EXERCISE DATA

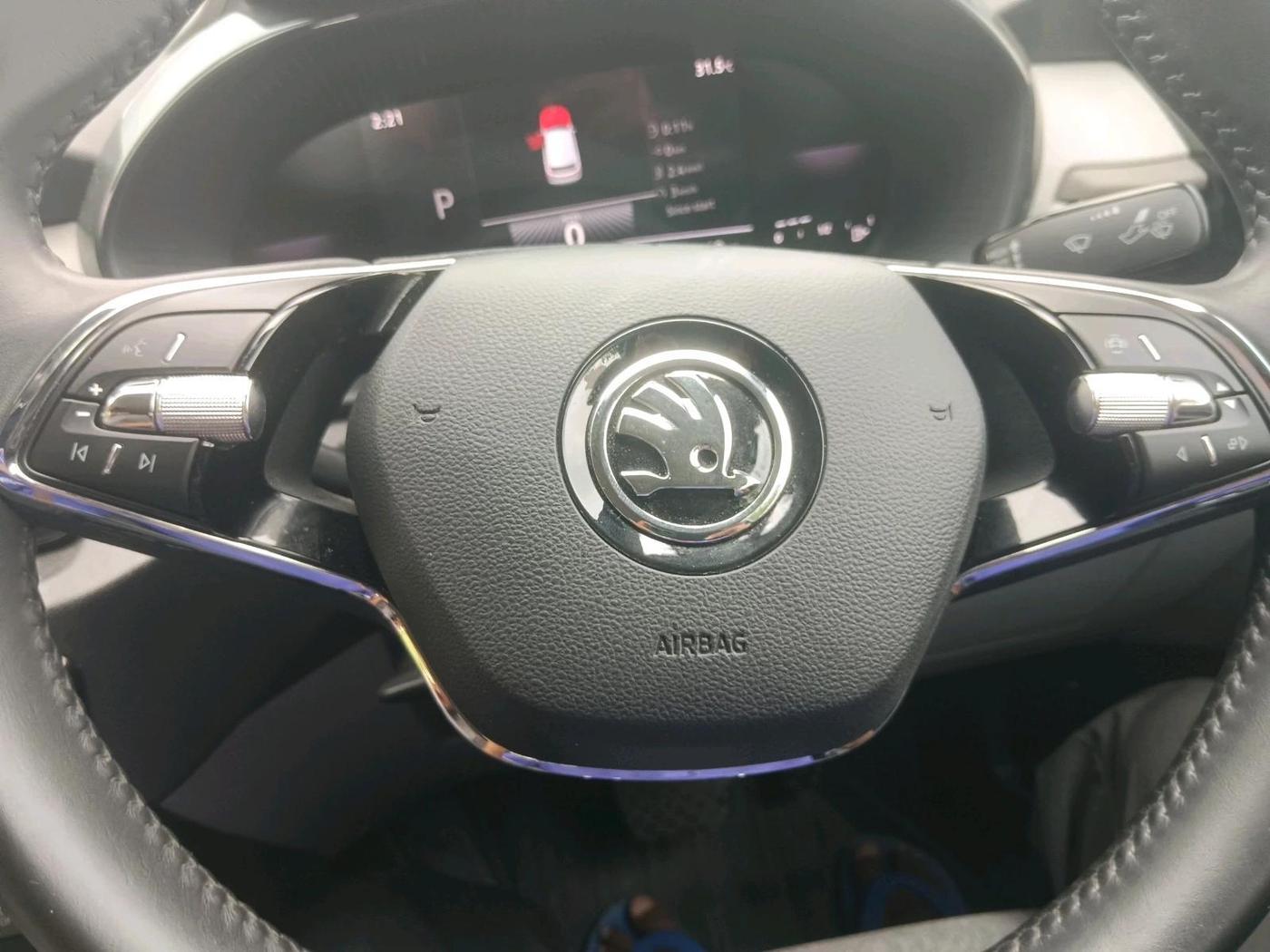2025 Skoda Kylaq Signature Plus AT, Petrol, Automatic, 15,543 km, interior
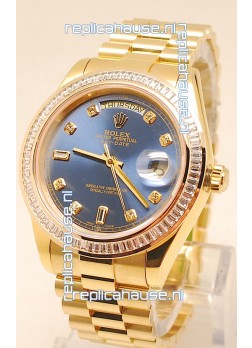 Rolex Day Date II Gold Japanese Replica Watch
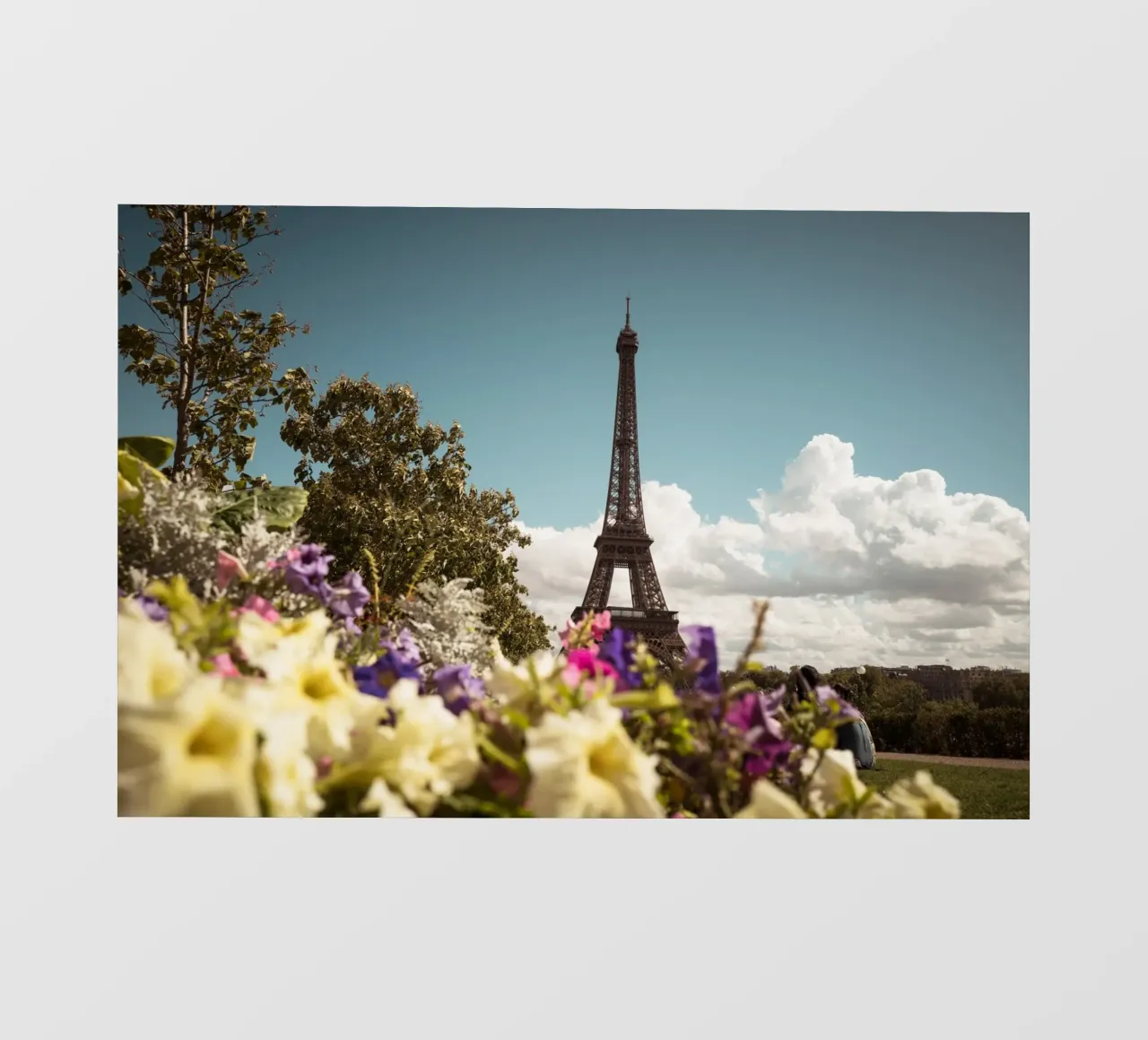 Blumiges Paris telo in pvc da Flo Klein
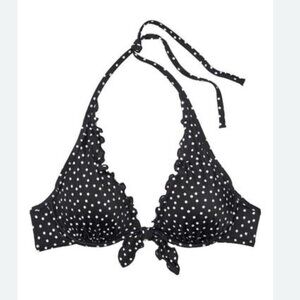 NWT Victoria's Secret Swim Capri Ruffle Bikini Top Removable Push Up 40D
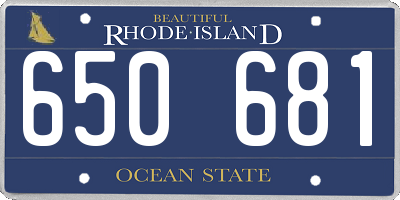 RI license plate 650681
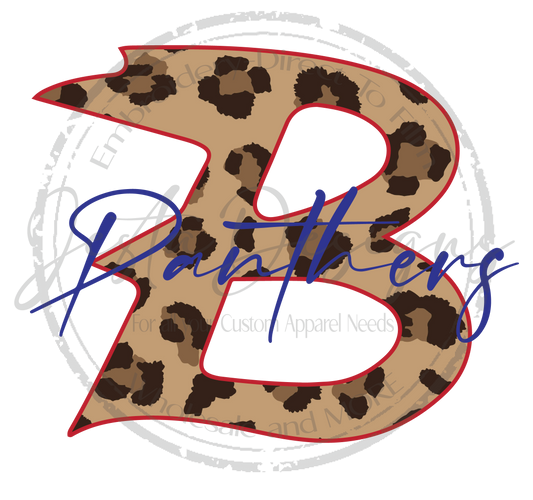 Large Leopard Print B Panthers-ss BP09DTF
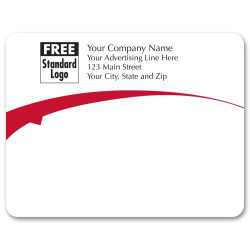 Flying Arch Red Mailing Label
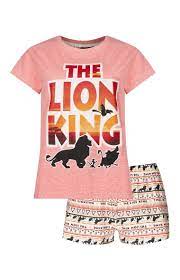 Pijama Lion King Cor De Laranja Sleepover Outfit Cute Pajamas Disney Sleepwear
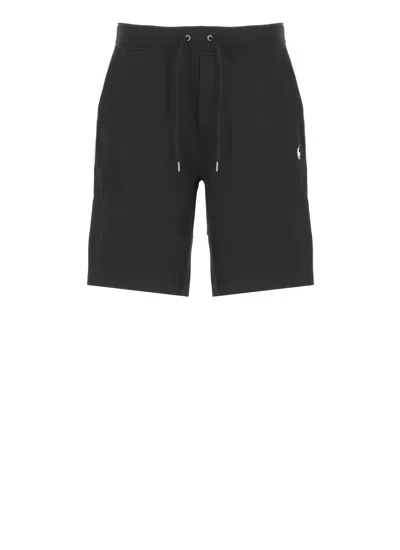 Ralph Lauren Bermuda Shorts With Pony In Polo Black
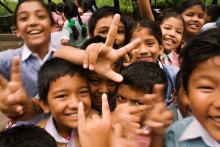 Children in Namarjung, Western Development Region, Nepal, 2017. Rebecca Zaal/Pexels
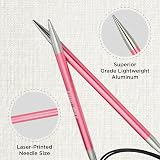 KnitPro Zing Fixed Circular Needles 40inch 100cm 6.50mm view 2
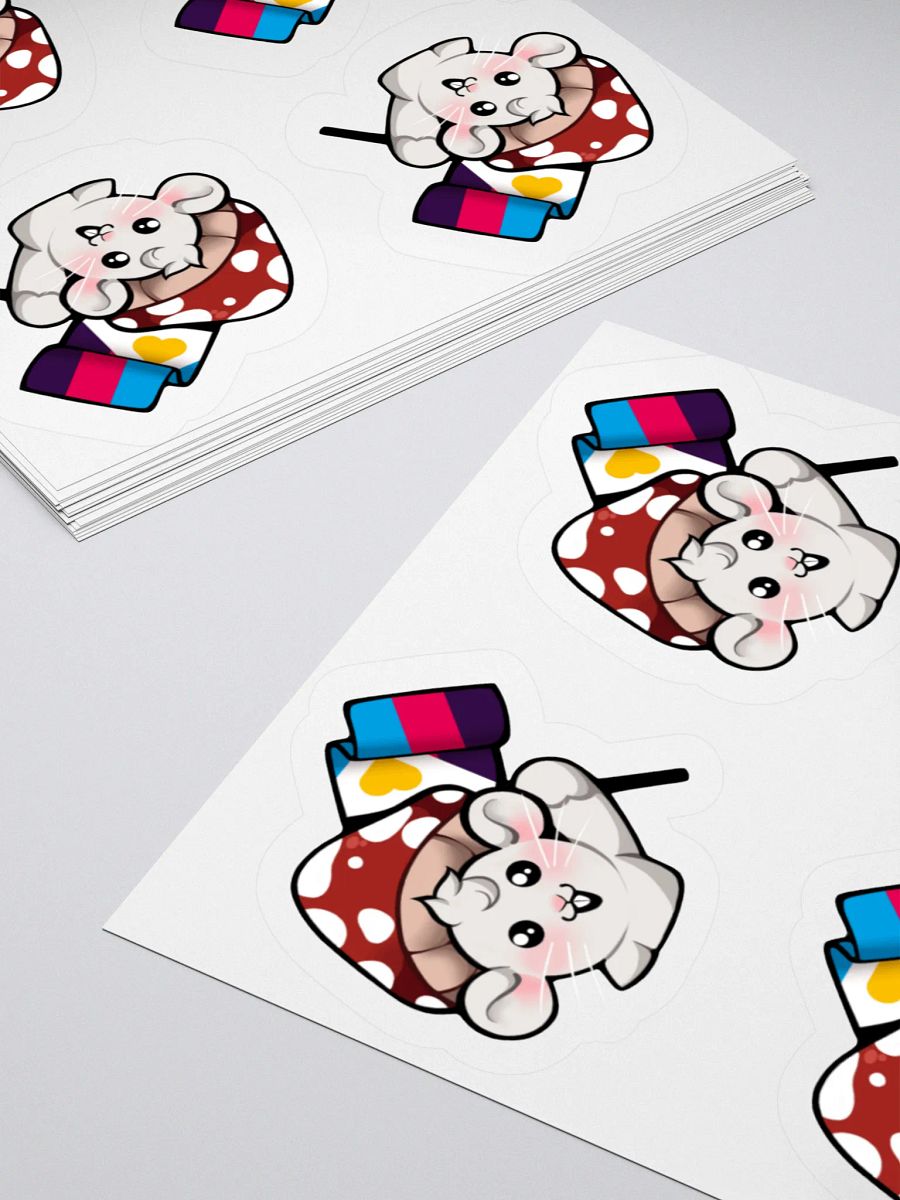 Polyamorous Pride Flag Stickers product image (4)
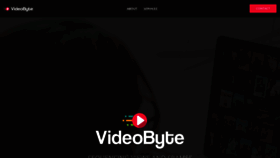 What Videobyte.com website looked like in 2021 (3 years ago)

YOUR INSTRUCTIONS
The records above are to be repeated exactly, apart from their pictures.

WORKED SOLUTION
2025 Skoda Kylaq Signature Plus AT, Petrol, Automatic, 15,543 km, interior
 Rolex Day Date II Gold Japanese Replica Watch
 Blumiges Paris telo in pvc da Flo Klein
 NWT Victoria's Secret Swim Capri Ruffle Bikini Top Removable Push Up 40D
 RI license plate 650681
 Large Leopard Print B Panthers-ss BP09DTF
 Flying Arch Red Mailing Label
 Pijama Lion King Cor De Laranja Sleepover Outfit Cute Pajamas Disney Sleepwear
 Ralph Lauren Bermuda Shorts With Pony In Polo Black
 Children in Namarjung, Western Development Region, Nepal, 2017. Rebecca Zaal/Pexels
 KnitPro Zing Fixed Circular Needles 40inch 100cm 6.50mm view 2
 Polyamorous Pride Flag Stickers product image (4)
 What Videobyte.com website looked like in 2021 (3 years ago)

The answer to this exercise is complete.